(WatchDogReport.org) – Twenty years ago, millions of people around the world watched in horror as terrorists attacked the United States on September 11, 2001. We later learned 19 men affiliated with al-Qaeda hijacked planes full of people and targeted landmarks. Two of the airplanes hit the World Trade Center towers in New York City, another was flown into the Pentagon in Washington, DC, and a third crashed into a field in Shanksville, Pennsylvania. The attackers killed 2,977 people that day, and many more have lost their lives in the years since as a direct result.
Last week, the alleged mastermind of the attacks and his four accomplices were in court for the first time in nearly two years. The case has a new judge presiding over it, and the defense attorneys asked him a number of personal questions related to his feelings about 9/11 during the hearing.
The Judge’s Experience
On September 8, defense attorneys questioned Air Force Col. Matthew McCall. The questioning came after the US Court of Military Commission Review threw out the attorneys’ claims that the Pentagon illegally interfered in the decision of who would preside over the Guantanamo Bay case.

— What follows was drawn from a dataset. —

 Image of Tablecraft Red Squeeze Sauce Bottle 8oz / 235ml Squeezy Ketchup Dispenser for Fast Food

Khalid Sheikh Mohammed’s lawyer Gary Sowards, who also defended the “Unabomber” Ted Kaczynski, asked Col. McCall about his memories of September 11. The judge said he was in Hawaii the day of the attack. The state is six hours behind Eastern time, so it was the middle of the night there when the first plane hit the Twin Towers. He told the lawyers his roommate woke him up to tell him there was an attack on the mainland.

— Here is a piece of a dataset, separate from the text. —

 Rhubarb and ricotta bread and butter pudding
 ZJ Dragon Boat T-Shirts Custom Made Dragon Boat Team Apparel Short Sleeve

McCall said he watched the news all morning with his roommate. At some point, his mother texted him to let him know his brother, who lived in NYC, was alive and okay.
Lt. Cmdr. Leah O’Brien, the defense attorney for Ammar Baluchi, Mohammed’s nephew, asked McCall how he felt when he visited the 9/11 Memorial in 2013. He responded that it made him sad for all the lives lost. He also made it clear that he believes he will be impartial during the trial.
Will Justice Be Served?
Aside from Mohammed, the alleged mastermind, and his nephew, there are three others on trial: Walid bin Attash, Ramzi bin Shibh, and Mustafa Hawsawi. All of the men are charged with almost 3,000 counts of murder, terrorism and other charges.
Families of the 9/11 victims have been waiting decades for justice, and that might finally happen now that the case is winding its way through the court.